Extracted entries Start Marker

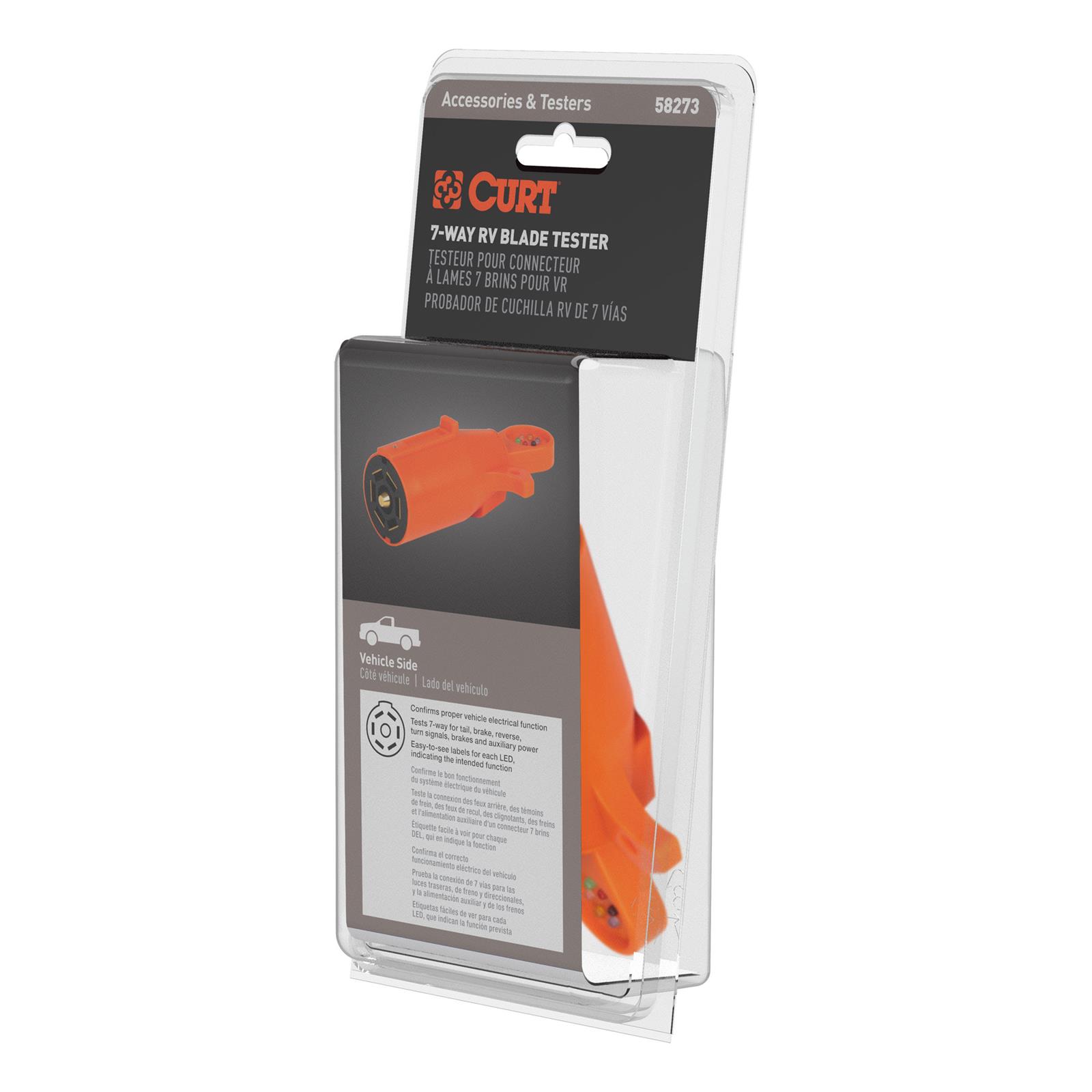 CURT LED Connector Testers 58273 Circuit Tester, Tester, 7-Way RV Blade Connector, Taillight, Turn Signal, Ground, Brake, Reverse, Auxiliary Power, Orange, Each thumbnail 2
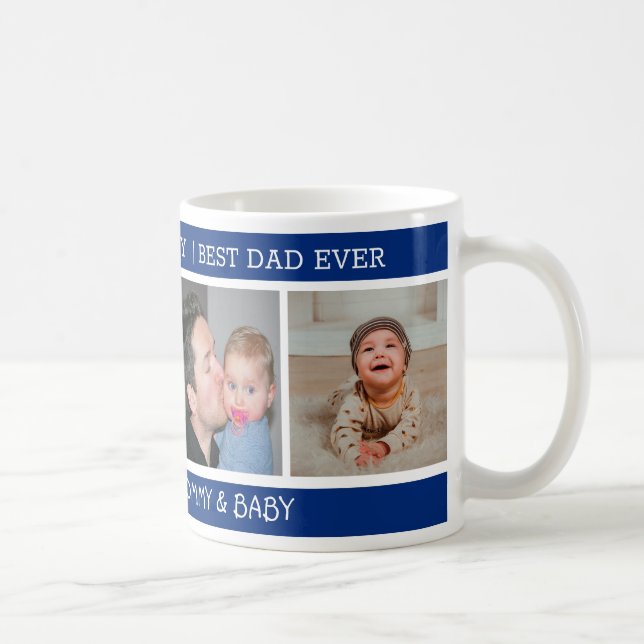 Taza De Café Feliz primer día del padre, mejor papá jamás 4 fot (Derecha)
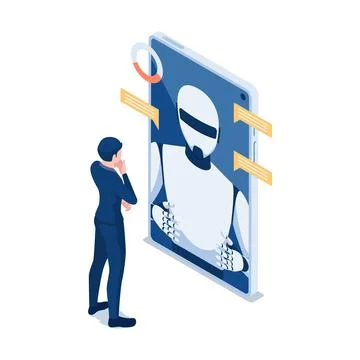 Isometric Businessman Talking with Chat Bot in Smartphone Stock Illustration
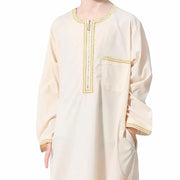 Children Muslim Teenagers Abaya Jubba Islamic Thobe Embroidered Kaftan Saudi Arabia Caftan Robe - DancerInn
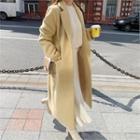 Single-breasted Flap-front Coat Yellow - One Size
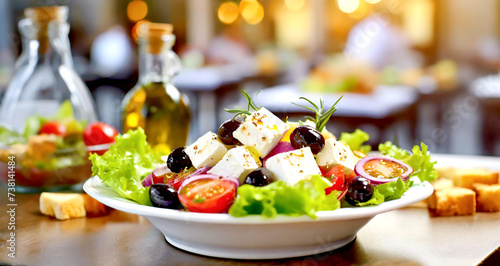 Griechischer Salat im Vordergrund, im Hintergrund ein Restaurant mit Gästen 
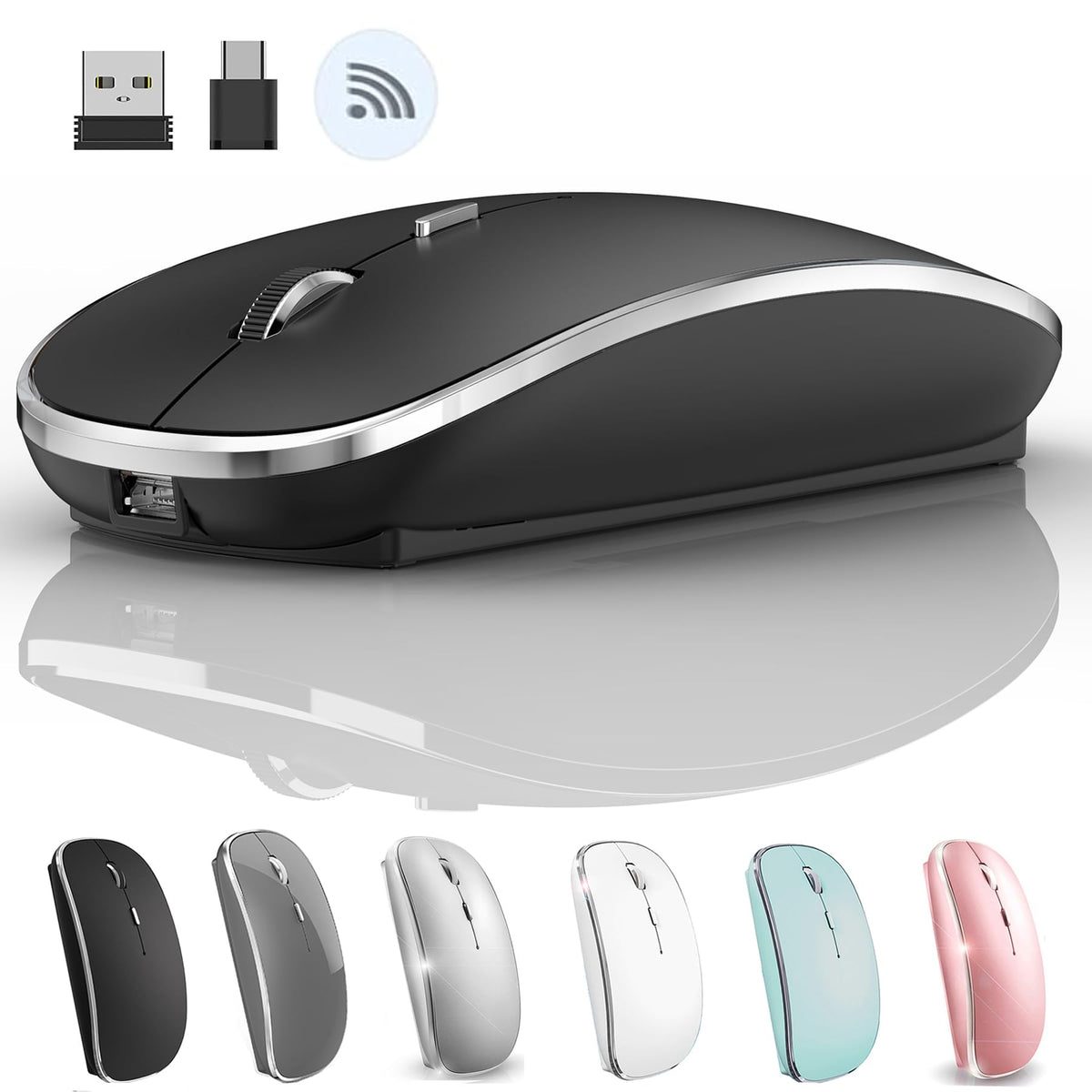 Jetta Wireless Mouse For Macbook Pro, Macbook Air, Laptop, Pc   1600 Dpi, Rechargeable Battery, Skin Friendly, Mute Click, Plug And Play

Extracted entries End Marker

**Exercise:**
All entries need repeating exactly, but without the pictures.

**Exercise output:**
 CURT LED Connector Testers 58273 Circuit Tester, Tester, 7-Way RV Blade Connector, Taillight, Turn Signal, Ground, Brake, Reverse, Auxiliary Power, Orange, Each thumbnail 2
 Taza De Café Feliz primer día del padre, mejor papá jamás 4 fot (Derecha)
 Isometric Businessman Talking with Chat Bot in Smartphone Stock Illustration
 Children Muslim Teenagers Abaya Jubba Islamic Thobe Embroidered Kaftan Saudi Arabia Caftan Robe - DancerInn
 Single-breasted Flap-front Coat Yellow - One Size
 Griechischer Salat im Vordergrund, im Hintergrund ein Restaurant mit Gästen 
 Jetta Wireless Mouse For Macbook Pro, Macbook Air, Laptop, Pc   1600 Dpi, Rechargeable Battery, Skin Friendly, Mute Click, Plug And Play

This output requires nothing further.